I'm a fifteen year old high school sophomore with a passion for writing, reading and talking about books!
I realized from the beginning that The Gypsy King, by Maureen Fergus, is a quirky action packed novel, with pacing trouble. The idea for the novel about sixteen year old Persephone’s attempts at escaping enslavement, were all there but often became lost in Fergus’s need to make the novel 434 pages long. Causing it to be dull at times and when action arose, the chapter often ended and the perspective changed, making you wait even longer for the action.
Fergus sets the medieval era scene by narrating in old English that is still understandable. The novel’s young adult characters also fit the setting— and are refreshing— because of their lack of using the word “like” in unnecessary places, as many YA characters do.
Persephone’s desire to escape is one of the driving forces of the story and is how Fergus displays Persephone’s independence and determination. Though, her attempts at escaping get old the second time when she just makes more trouble for herself and the people trying to help her, which makes her infuriating to read about. She becomes more likable when she discovers that her own freedom could mean the end of other’s. Yet, she remains naïve in believing that everything will work out, making her seem more real in her refusal to change; which turns into an admirable quality of hers.
Azriel; Persephone’s side kick; her polar opposite; the humour of the story. He isn’t the typical tall, dark and everything-always-goes-my-way type, just a charming misfit that ends up with the unfortunate job of trying to protect Persephone. He’s the nothing-ever-goes-my-way type, which makes him more desirable in an underdog sort of way.
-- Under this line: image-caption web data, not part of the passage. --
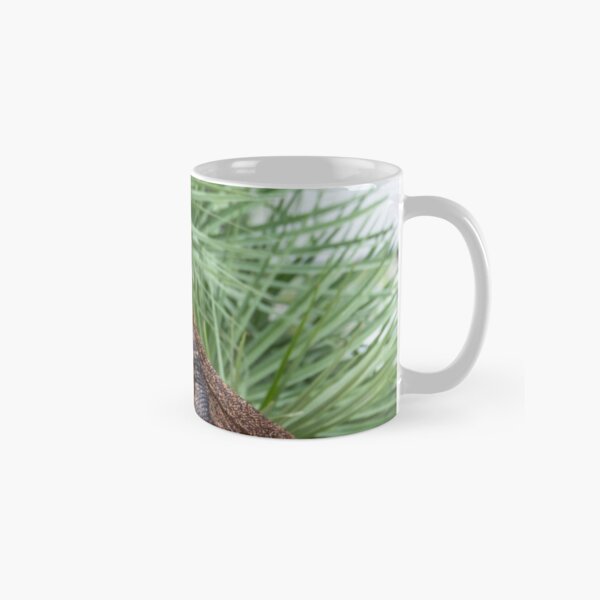 Dragon Classic Mug
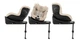 Автокресло Cybex Sirona G3 i-Size гр. 0+/1 0-18 кг Plus Stormy Blue, 4063846578344 - зображення 2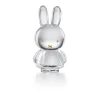 Vessière Cristaux Bestiaire|Animaux Cristal|Lapin Miffy Baccarat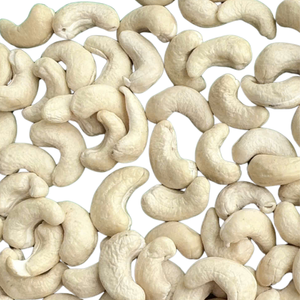 Factory Directly Raw Cashew <b>Nut</b> In Shell Ww180 210 Ww320 Santigo Factory Vietnam With Custom Packaging - Product Image 1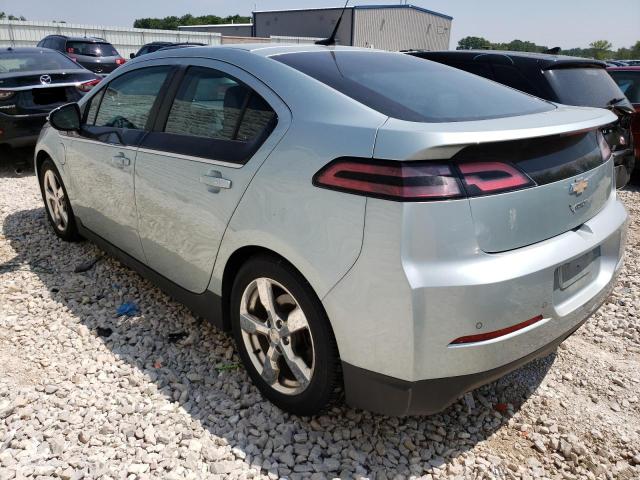 VIN 1G1RD6E42DU130038 2013 Chevrolet Volt no.2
He was the character you couldn’t wait to read about because of his wit and unpredictability.
But my favorite character was the infamous Regent Mordecai. Cold to the core; Mordecai is manipulative and conniving. His body is crippled, in an Igor like manner, giving him the perfect villainous appearance. The way that Fergus portrays him is phenomenal! You want to hate him because he is so evil— killing the Gypsies and scalping people— but you read his perspective and the more you learn about him the more you begin to pity him and root for him subconsciously.
Though it was slow at times and somewhat underdeveloped, The Gypsy King was enjoyable overall and thought provoking. It would be A Fool’s Errand not to pick up the second book.